■ **Task goal**: What you should give back is a precise copy of the lines below from the one containing "Chutney of apples and hot peppers" through the one containing "SpaceX, missione compiuta.", with no pictures.

■ **Supplied information**:

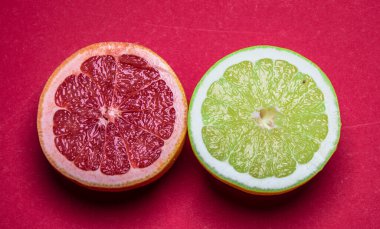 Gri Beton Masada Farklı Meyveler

==

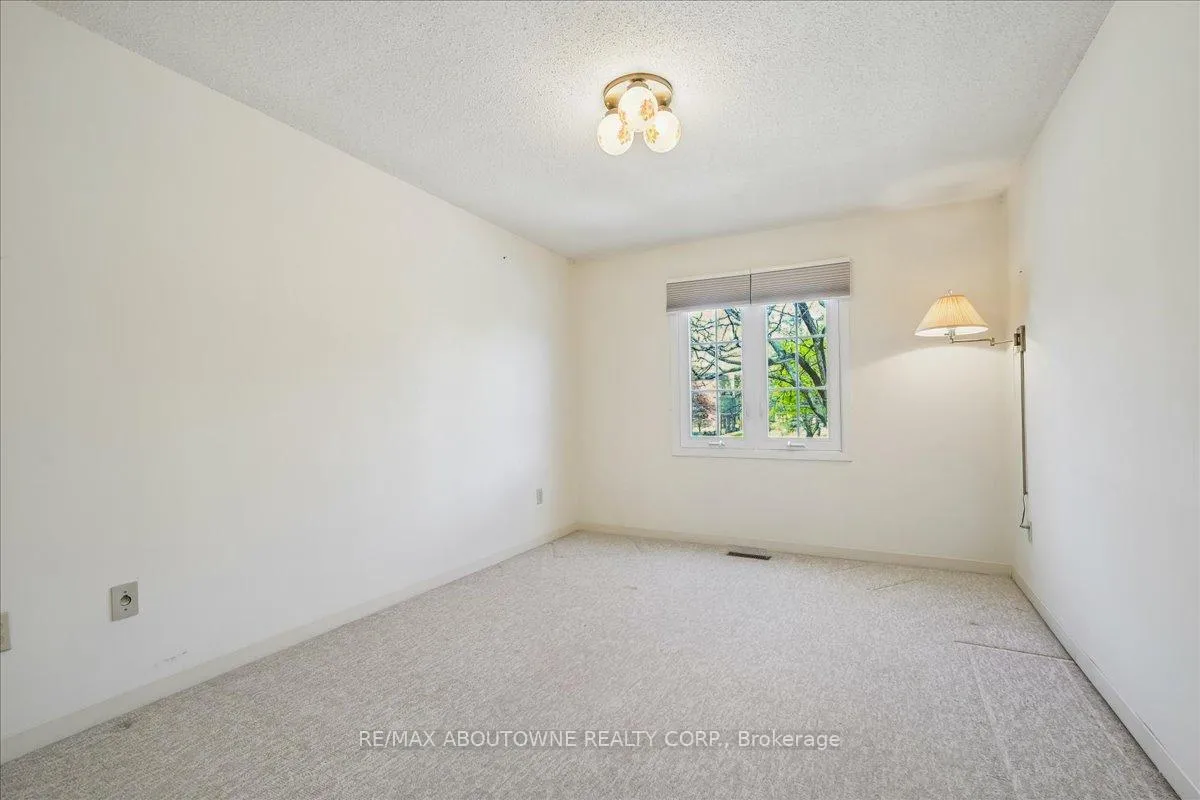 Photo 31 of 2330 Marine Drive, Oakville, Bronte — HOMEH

--

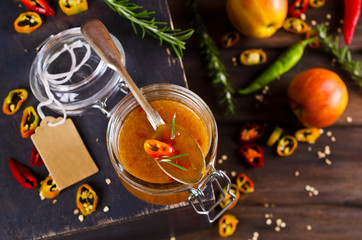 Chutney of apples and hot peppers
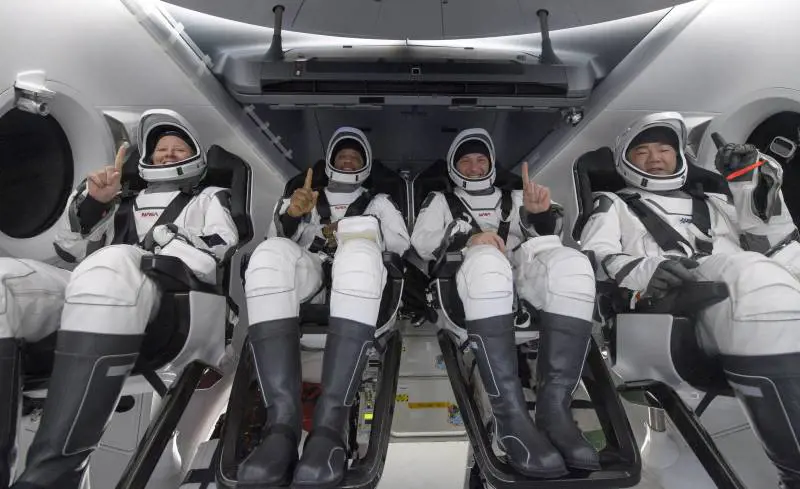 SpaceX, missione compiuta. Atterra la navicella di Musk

■ **Answer to the exercise**:
 Chutney of apples and hot peppers
 SpaceX, missione compiuta. Atterra la navicella di Musk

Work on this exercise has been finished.